Failing to pay prevailing wages on a public works project can have consequences beyond labor code penalties and claims for unpaid wages. Contractors who “unlawfully deflate their labor costs” by intentionally violating prevailing wage laws in order to win contracts are also subject to tort claims by the second lowest bidder for interference with prospective economic advantage. Traditionally, the disappointed second bidder’s only recourse has been to challenge the bid process or the bid itself for irregularities via a bid protest. But under the tort theory of interference, the runner-up can seek tort damages from the winning bidder if it can establish that the winning bid was the result of the contractor’s manipulation of the bidding process.
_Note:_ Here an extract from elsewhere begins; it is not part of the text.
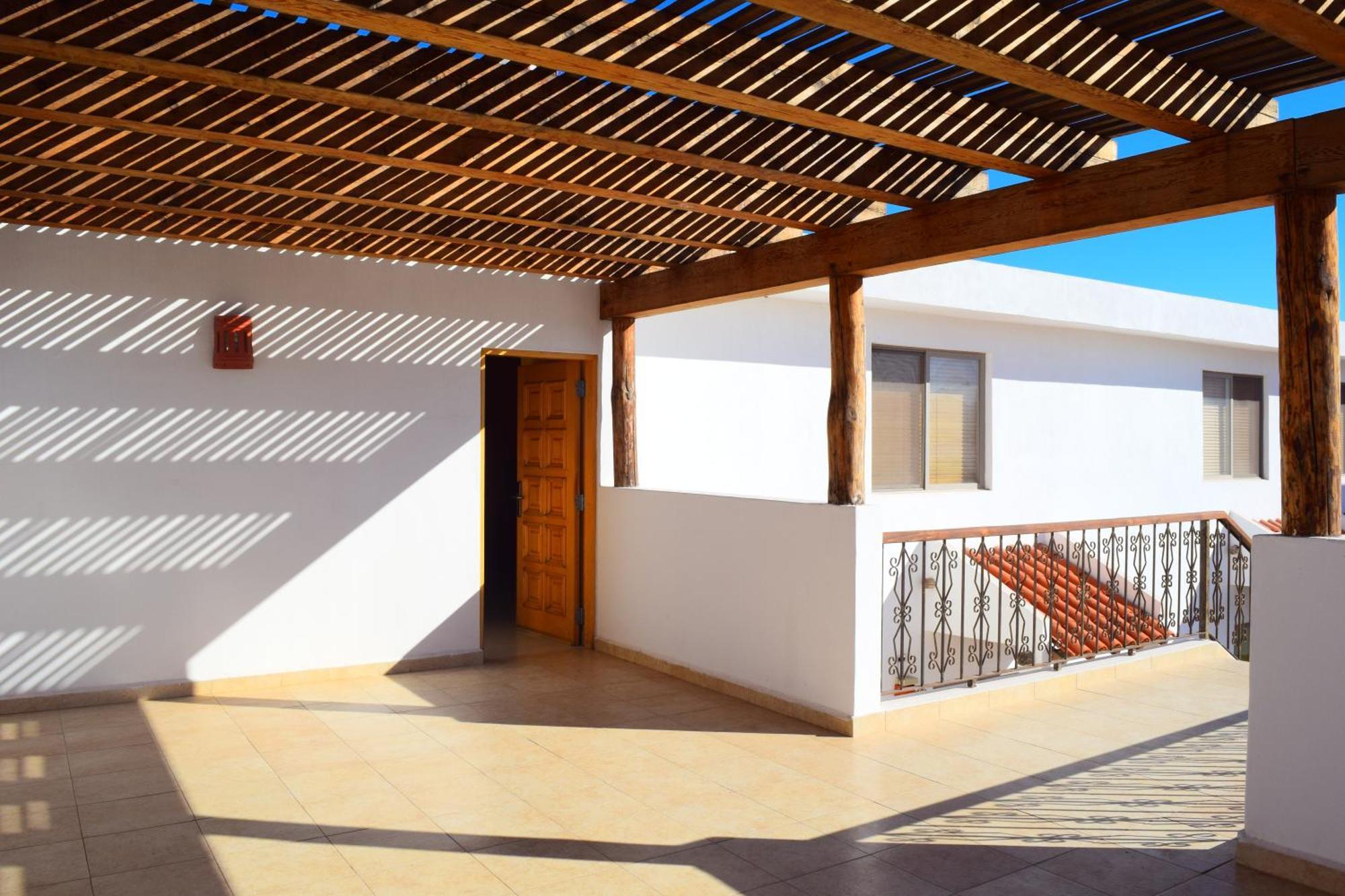 Three-Bedroom Suite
The recent case of Roy Allan Slurry Seal, et al. v American Asphalt South, Inc. (2/20/2015) 2015 Cal App Lexis 164, illustrates this point. In Roy Allan, two slurry seal contractors brought five separate actions against a third contractor after finishing second on 23 public works road sealing projects involving almost $15 million in contract work in five counties in Southern California. Plaintiffs filed complaints in each county, alleging that they would have been awarded the contract as the lowest bidder in each instance had the defendant’s bids included labor costs based on paying the prevailing wage. They asserted a tort cause of action for intentional interference with prospective economic advantage, as well as claims for defendant’s alleged violations of California’s Unfair Practices Act (“”UPA”) and Unfair Competition Law (“UCL”).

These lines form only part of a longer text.